I suppose if Microsoft could turn back time, it would not have allowed Intel's 915 graphics chipset to qualify for its "Vista Capable" marketing campaign given all the trouble it caused them during the early days of Vista and is causing them now in a class-action lawsuit.

Internal e-mails from 2005-2006 are now showing that many executives at the software giant were vehemently against relaxing the Vista Capable rules to accommodate Intel's entry-level 915 graphics chips. Enough high-level people opposed it that it's amazing it happened.
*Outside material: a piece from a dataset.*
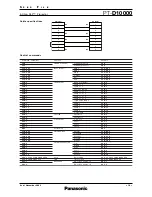 Preview for 10 page of Panasonic PT-D10000 Series Specifications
Loosening up the requirements for the program, created to promote PCs in 2006 as capable of running Windows Vista when it shipped months later, allowed older Intel 915 graphics chips to qualify as Vista-ready even though the 915's did not meet the requirements of WDDM (Windows Device Driver Model), which was a prerequisite for the original Vista Capable program, and could not run Vista's new graphics interface, Aero.

Because of this, the lawsuit claims, Microsoft deceived customers by promoting slower, cheaper PCs as able to run Vista when the company allegedly knew that the machines would handle only Vista Home Basic, the least expensive version.

Internal Microsoft e-mails show a conflicted company struggling with the knowledge that by appeasing an important partner, it was misleading customers.

That the man in charge of Vista's development at the time—Jim Allchin—was one of the most exasperated about the change to Vista Capable's rules says a lot.

In a February 1, 2006 e-mail to CEO Steve Ballmer, Allchin wrote: "I am beyond being upset here. This was totally mismanaged by Intel and Microsoft. What a mess. Now we have an upset partner, Microsoft destroyed credibility, as well as my own credibility shot."

The partner that Allchin refers to is Hewlett-Packard. HP was rip-roaring mad about the relaxed Vista Capable rules because it had invested US$7 million on technologies to suit the original Vista Capable program, including building two new motherboards. An HP executive fired off e-mails to Allchin and Microsoft COO Kevin Johnson saying that Microsoft's credibility at HP had been "severely damaged" because it had "change[d] the rules at the last minute" without notifying HP.

It makes more sense now when I hear people complaining about how their HP printers don't work with Vista.

I kind of feel for Allchin here. If the man in charge of Vista didn't want the rules to change, and they got changed, one can conclude that the decision to give Intel what it wanted with its 915 graphics chips was made at the highest level.